What a month it has been! I’ve been traveling all over Eastern Kentucky visiting the beautiful gardens of our Grow Appalachia participants. If there is one thing I’ve learned this month, it’s that the people of Eastern Kentucky are serious when it comes to their beans.
Varieties
Growing up, I thought all green beans were the same. At the Knott County Farmers Market, customers not only ask what types of beans are being sold, but don’t buy any if it’s not their favorite type. White half-runners and greasy beans are two crowd favorites. White half-runners are white and crisp, whereas greasy beans are brown and have a fuller flavor. My new favorite is the rattlesnake bean: a long, purple-striped bean with a deep, meaty flavor.

Rattlesnake bean.
Shucky Beans
Many of our gardeners preserve beans for the winter by drying them. To do this, they string and break the beans, spread them out into a single layer, and dry them in the sun for several days. After this, the beans are ready to be stored in sealed plastic bags in the pantry for months. Any beans prepared this way are called “shucky” beans. Shucky beans are a regional specialty beloved for their place on the winter table. A more common name for them is pinto beans, but you won’t hear that phrase around here.

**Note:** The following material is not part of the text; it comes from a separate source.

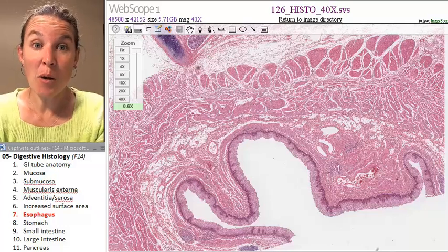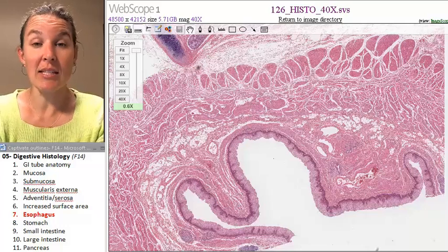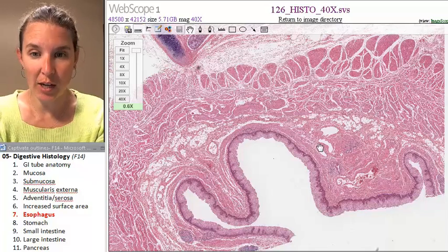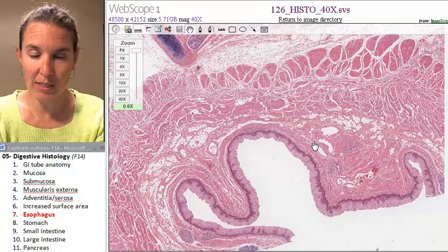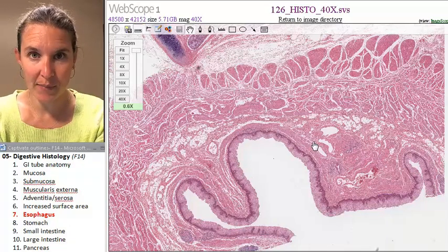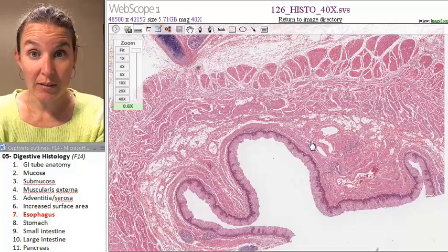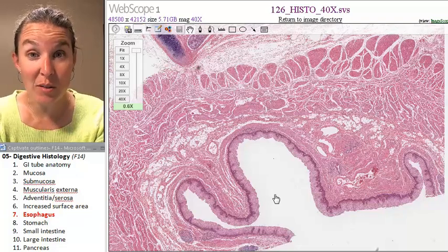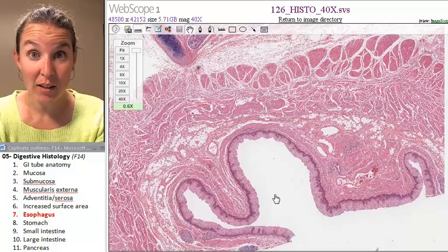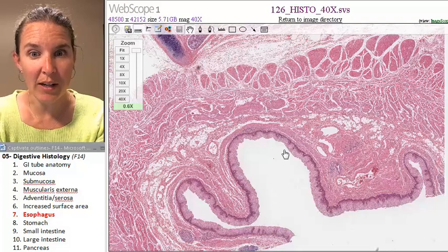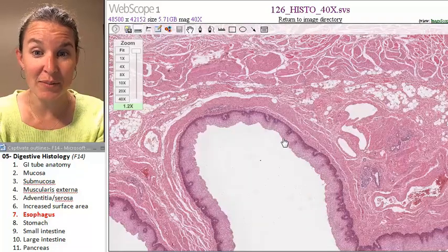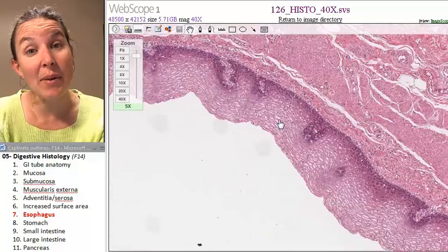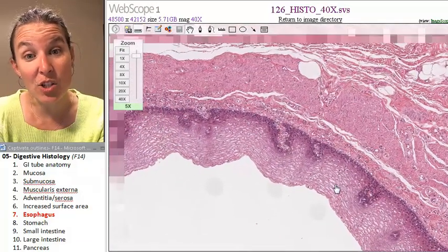The esophagus might be the easiest part of the tube to identify. Check out this slide. Do you see a lumen? I can't draw on this, but here is my lumen. What are we going to expect to find next to the lumen? We're going to expect to find epithelial tissue first.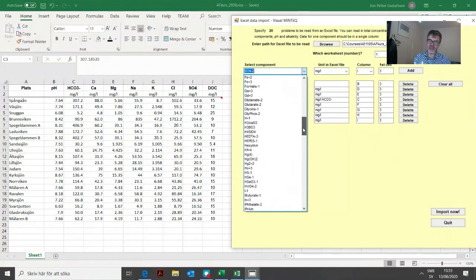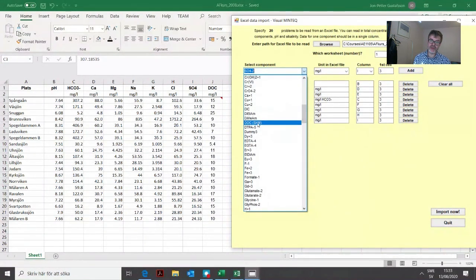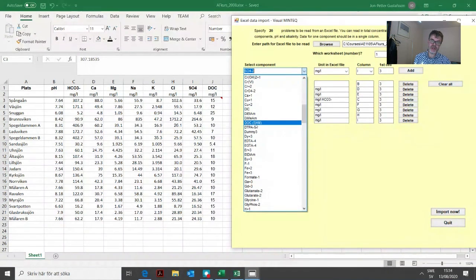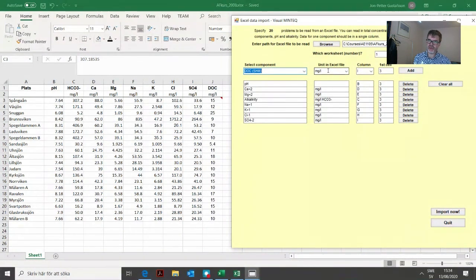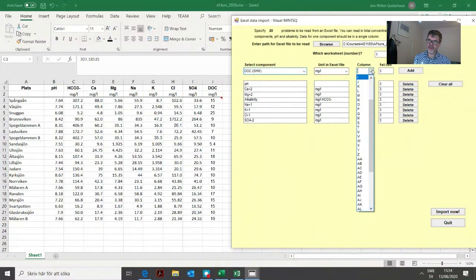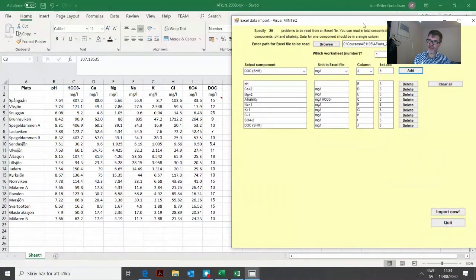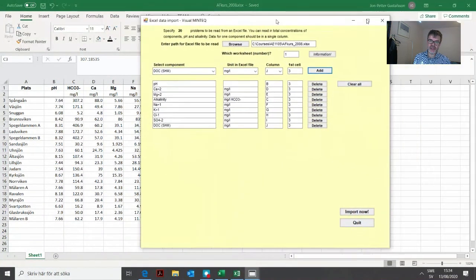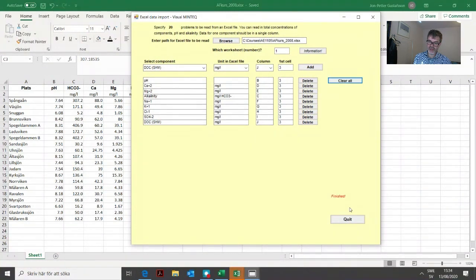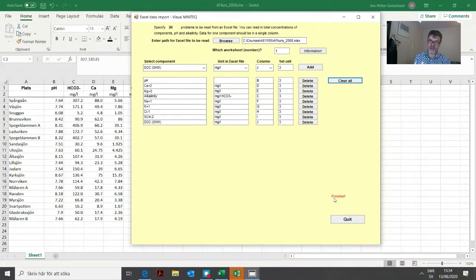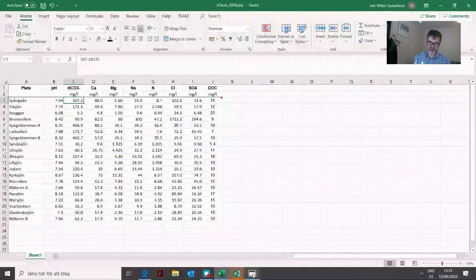Finally in the last column we have DOC. Because we defined the SHM model, that's the one that pops up here. It should be milligrams per liter and it's column J, then we add that. Then we just need to import. If everything goes well, you get this red text showing it's finished. Then we click the quit button.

Shucky beans drying in the sun.
Garden Problems
One seasoned gardener is growing heirloom beans passed down in his family for several generations. These bean plants were the most beautiful I’ve ever seen, except for one tiny detail. Not one of them had any flowers or beans. Both of us were puzzled over why such beautiful plants weren’t producing any seeds. I returned home to research what might have gone wrong. It turns out that the soil was too fertile for the bean plants to reproduce. Bean plants need to be slightly stressed in order to produce seeds, which is why many novice gardeners are adept at growing them. I recommended that he not fertilize the plot any more this year. As of now, the plants have sprouted a few flowers, so hopefully the heirloom beans will survive to be planted another year.

Bean plants with no beans.
Very interesting
I’m from Eastern KY and was raised in the 70s when ppl still farmed and preserved food through the winter. We call Shucky beans “Shucked Beans” or “Leather Britches.” My observation however is that Shucky or Shucked, it’s always a variety of Green Beans that are used and dried. Pinto as a Species while is the very backbone of every Appalachians diet; Ala “Soup Beans” they are not indigenous or native to our area. It’s my understanding a new start-up has begun growing and selling Pinto beans proper in Eastern Ky. Thus proving they cannot only survive but thrive in our region. But as a child (like all locals) who grew up eating Soup Beans up to 4 days a week if not more. I always wondered why our main source of food wasn’t just grown by us? I guess their cheapness n availability (as well as there nutrional value) made it easier to purchase while heirloom crops were grown to supplement our tables through the winter with some much needed variety. Either way, I’m no botanist and my upbringing isn’t a qualification. Just saying, I’m fairly certain Shucked Beans are in fact Green Beans; with Pinto being an import and only recently introduced as a crop to the area.